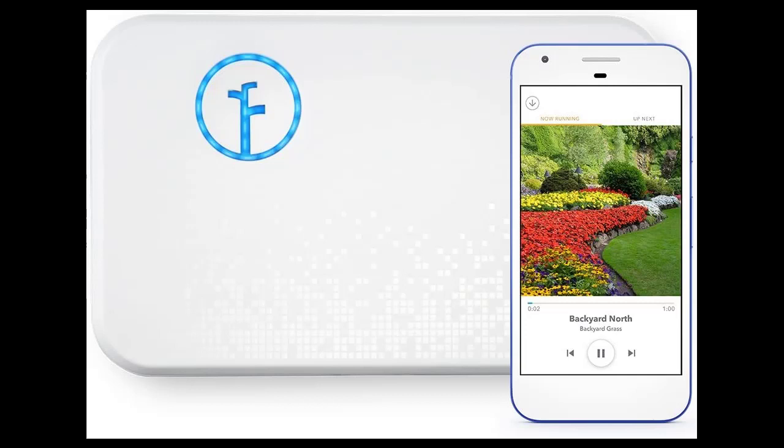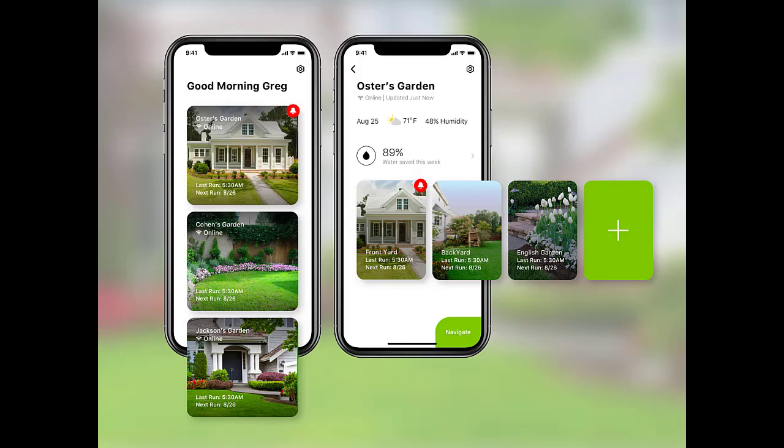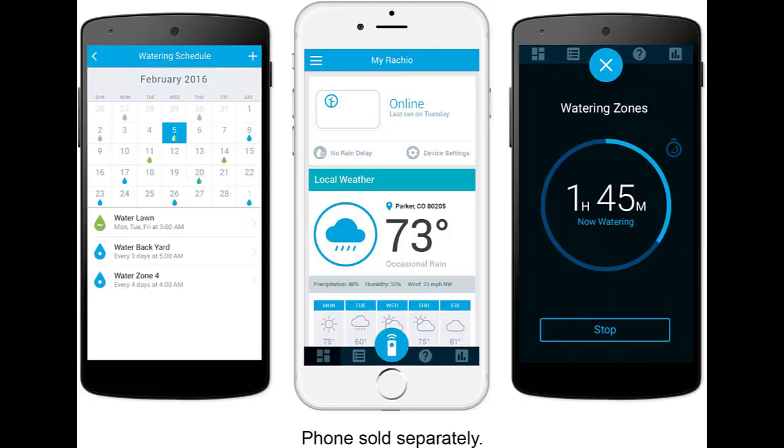How do I install a Rachio 3 controller? Step-by-step instructions: 1. Remove old controller — test your old system to ensure everything works properly. 2. Mark screw locations. 3. Connect your wires. 4. Power it up. 5. Create an account. 6. Connect to Wi-Fi.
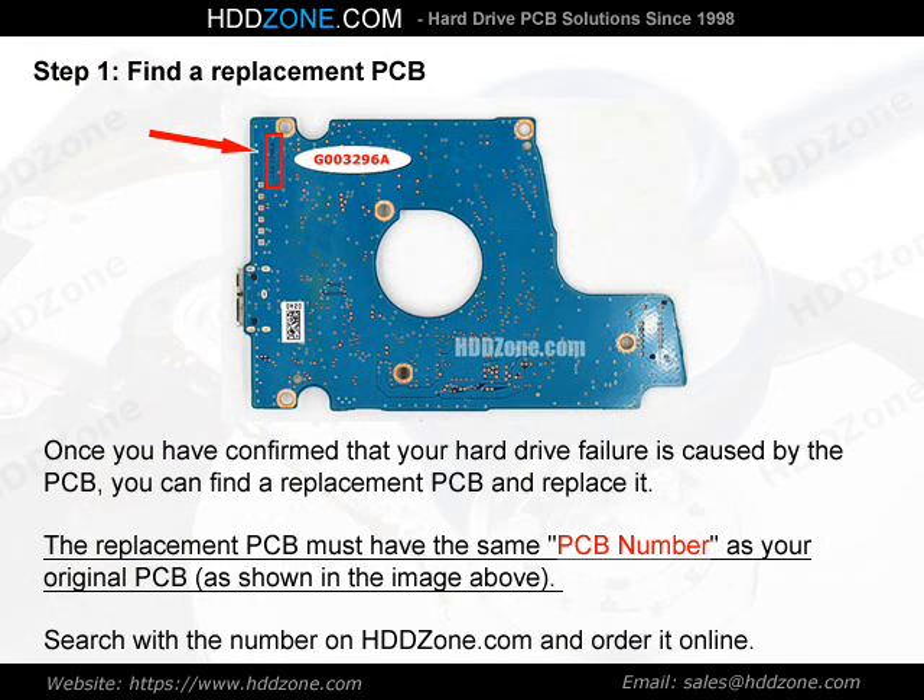Step 1: Find a Replacement PCB. Once you have confirmed that your hard drive failure is caused by the PCB, you can find a replacement PCB and replace it. The replacement PCB must have the same PCB number as your original PCB, as shown in the image above. Search with the number on HDDZone.com and order it online.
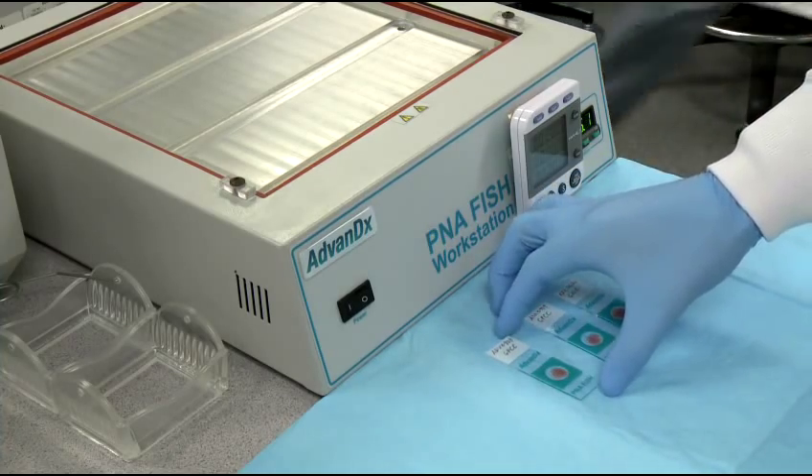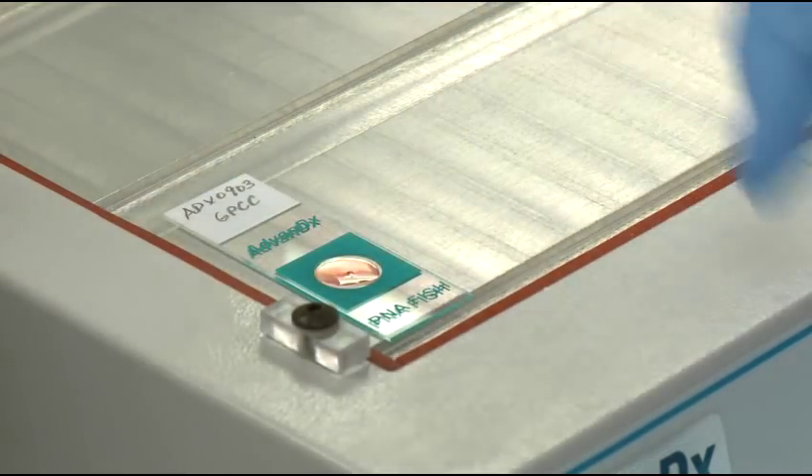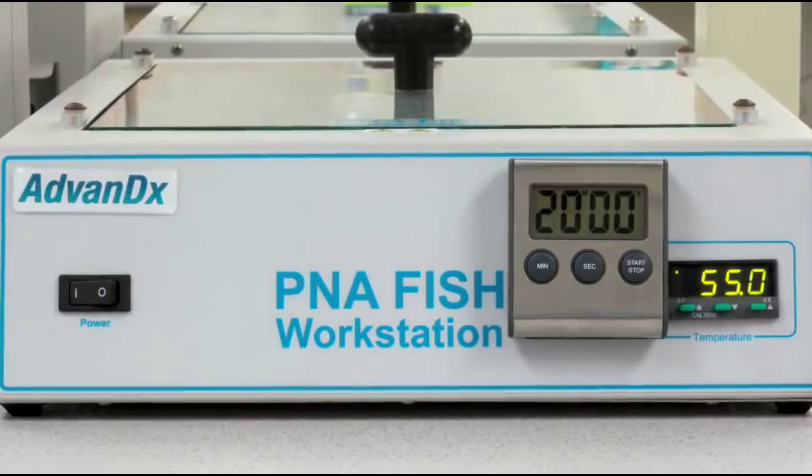Next, place the slides on the PNAFISH workstation and heat at 55 degrees for 20 minutes.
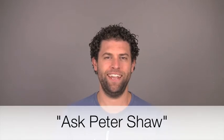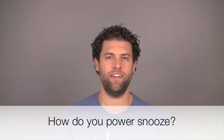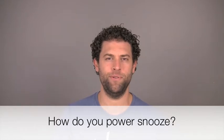Hello, this is Peter Shaw from scaryandexciting.com and I'm not wearing any pants. Joe has written in to ask: how do you set yourself up for an effective 20 minute power snooze?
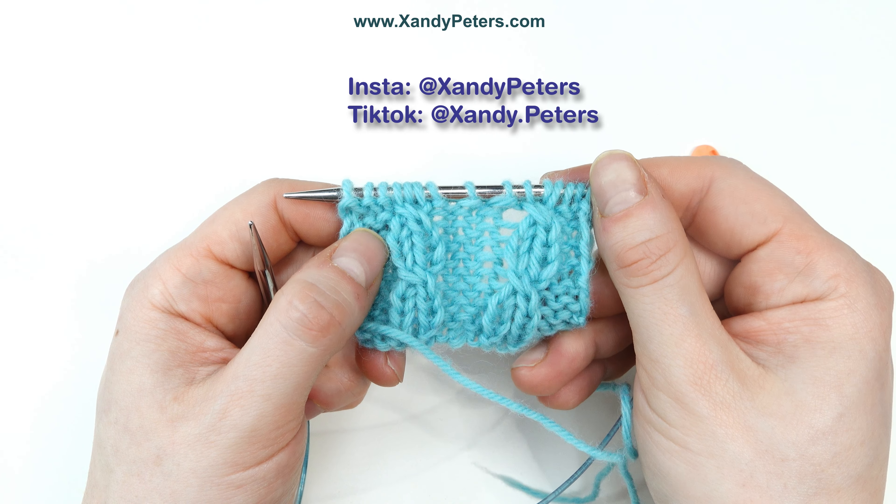Without the cable needles, you're basically manually rearranging the stitches into the configuration they need to be, and then working straight across. If you like this video, follow me on Instagram, my name is Zandy Peters, or on TikTok at Zandy.Peters, or here on YouTube for more knit tips.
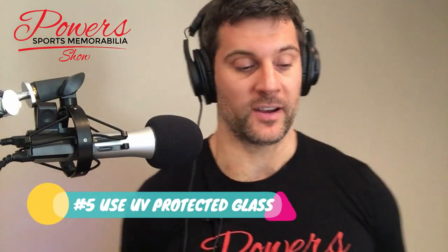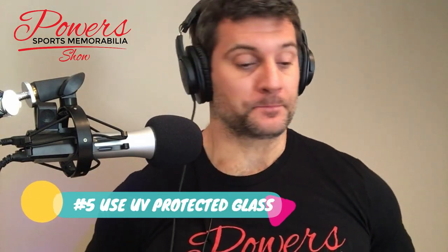Tip number five — this is a no-budge one: you have to use UV protection on your jersey frame. You can go UV glass or UV plexi. The glass weighs a little more than the plexi, but the main thing is you want to protect the signature and make sure the quality stays for as long as humanly possible. Personally, I like UV plexi — I ship all my framed jerseys and it's way less likely to break. It also has a little less glare and is lighter. Either one is fine, but make sure you're using UV protection.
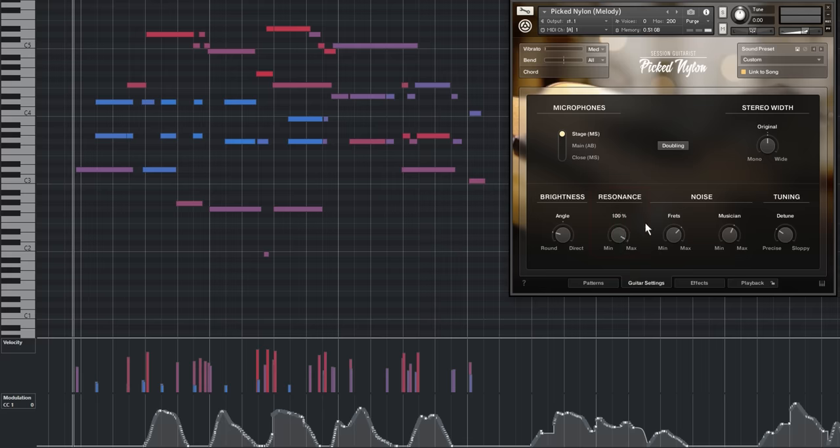The second new feature is sympathetic resonance, which recreates the resonance of neighboring strings whenever a single note is played.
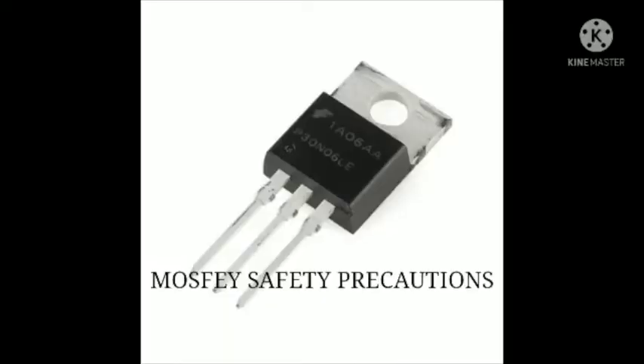Hello everyone. Today we are going to talk about MOSFET safety precautions. But first, let's get a basic understanding of what a MOSFET is.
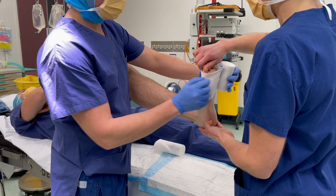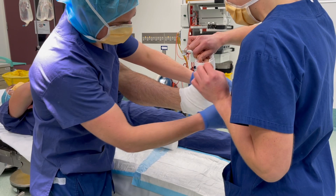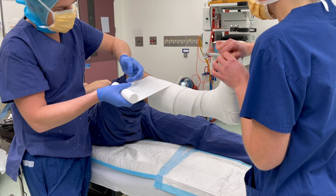With the help of an assistant holding the toes, we apply the 10cm softband going from distally, overlapping 50% at a time, with additional reinforcement around the heel and malleoli to prevent pressure injury. This is followed by a further 15cm softband to complete the rest of the leg.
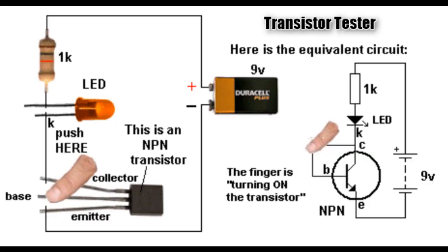This is the circuit diagram of this project. When you touch the collector and the base of the transistor, the light emitting diode will glow. This shows that the transistor is in good condition.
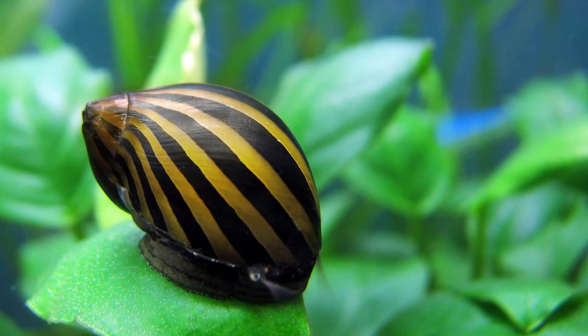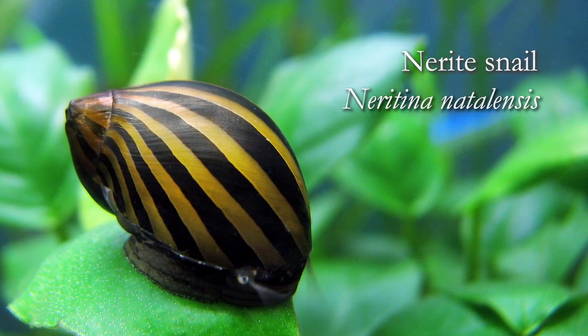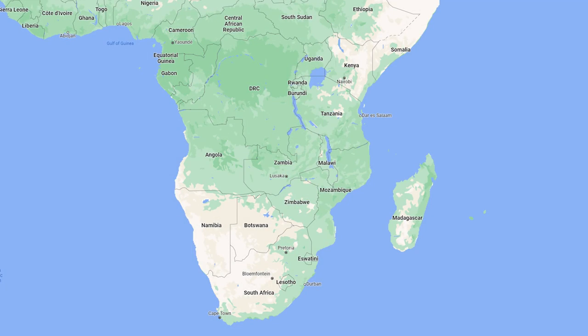Hello everybody, welcome to our Species Spotlight on the Nairite snail, Nairitina natalensis. This interesting little invertebrate originated in Africa. It's commonly found in countries such as Kenya, Tanzania, Mozambique, and South Africa.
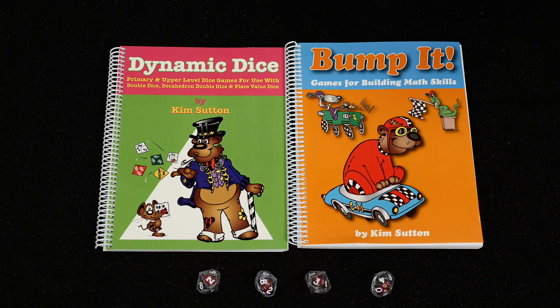My Dynamic Dice book is filled with games for all of my dice, and a third of this book is dedicated to the decahedron double dice as a tool. In my Bump It book, you'll find many game boards identified for the decahedron double dice that include basic facts, multiplication models, and rolling fractions, just to name a few.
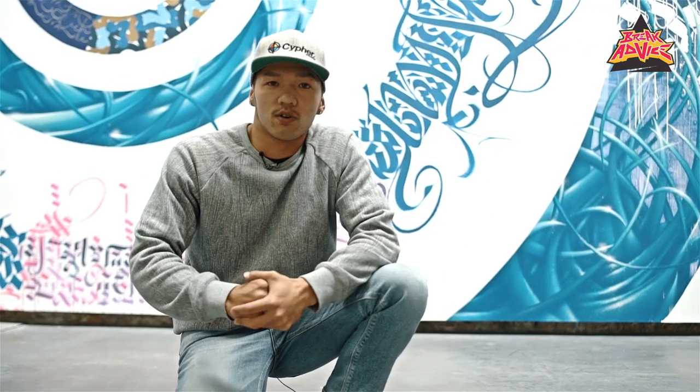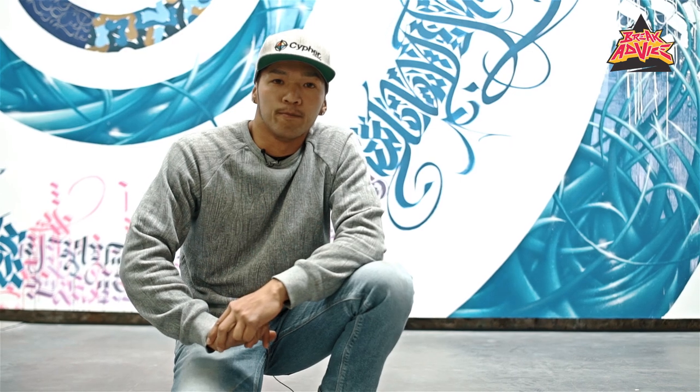This is B-Boy Steve representing. This is my break advice. Peace.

● ● ●

**REQUIREMENT**
Using the entries above, transcribe exactly from the line that has "Next, place the" through the line that has "This is the". Pictures are dropped.

**RESPONSE TO THIS EXERCISE**
Next, place the slides on the PNAFISH workstation and heat at 55 degrees for 20 minutes.
Hello, this is Peter Shaw from scaryandexciting.com and I'm not wearing any pants. Joe has written in to ask: how do you set yourself up for an effective 20 minute power snooze?
Without the cable needles, you're basically manually rearranging the stitches into the configuration they need to be, and then working straight across. If you like this video, follow me on Instagram, my name is Zandy Peters, or on TikTok at Zandy.Peters, or here on YouTube for more knit tips.
Tip number five — this is a no-budge one: you have to use UV protection on your jersey frame. You can go UV glass or UV plexi. The glass weighs a little more than the plexi, but the main thing is you want to protect the signature and make sure the quality stays for as long as humanly possible. Personally, I like UV plexi — I ship all my framed jerseys and it's way less likely to break. It also has a little less glare and is lighter. Either one is fine, but make sure you're using UV protection.
The second new feature is sympathetic resonance, which recreates the resonance of neighboring strings whenever a single note is played.
Hello everyone. Today we are going to talk about MOSFET safety precautions. But first, let's get a basic understanding of what a MOSFET is.
With the help of an assistant holding the toes, we apply the 10cm softband going from distally, overlapping 50% at a time, with additional reinforcement around the heel and malleoli to prevent pressure injury. This is followed by a further 15cm softband to complete the rest of the leg.
This is the circuit diagram of this project. When you touch the collector and the base of the transistor, the light emitting diode will glow. This shows that the transistor is in good condition.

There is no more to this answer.